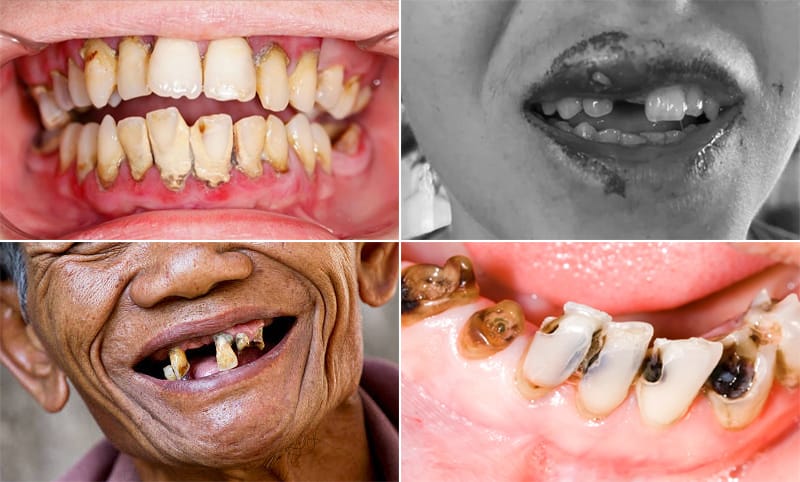 Các nguyên nhân gây mất răng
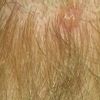 Usuwanie 'pieprzyka' z owłosionej skóry głowy - blizna  - 9499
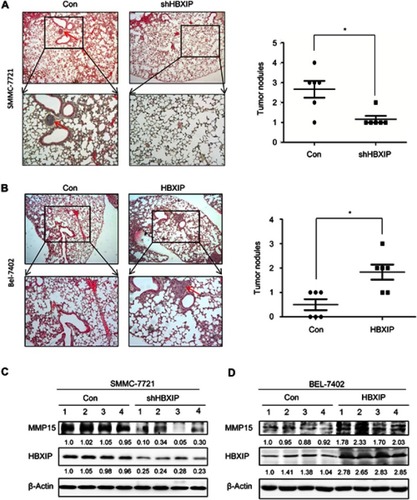 Figure 5 HBXIP facilitates the metastasis of HCC cells in vivo. (A) Representative image and statistical data of lung metastases in mice injected with control and HBXIP knockdown SMMC-7721 cells was shown. The arrow indicates the pulmonary metastasis node. (B) Representative image and statistical data of lung metastases in mice injected with control and HBXIP overexpressing Bel-7402 cells was shown. The arrow indicates the pulmonary metastasis node. The MMP15 and HBXIP protein levels in xenografts from control and HBXIP knockdown SMMC-7721 cells were examined by western blot. (C) The MMP15 and HBXIP protein levels in xenografts from control and HBXIP overexpressing Bel-7402 cells were examined by western blot. *P<0.05.Abbreviations: HCC, hepatocellular carcinoma; HBXIP, hepatitis B virus X-interacting protein.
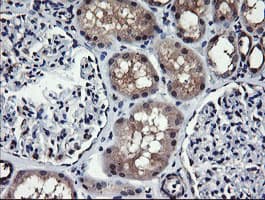 MAP2K1 / MKK1 / MEK1 Antibody (clone OTI1A10)
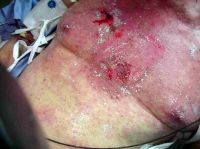 Postradiační poškození kůže I. - II. stupně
- - -
*THE TASK*: At the line containing "MAP2K1 / MKK1", begin reproducing the entries word for word, and continue through their last line. Leave out the pictures.

*TASK OUTPUT*:
 MAP2K1 / MKK1 / MEK1 Antibody (clone OTI1A10)
 Postradiační poškození kůže I. - II. stupně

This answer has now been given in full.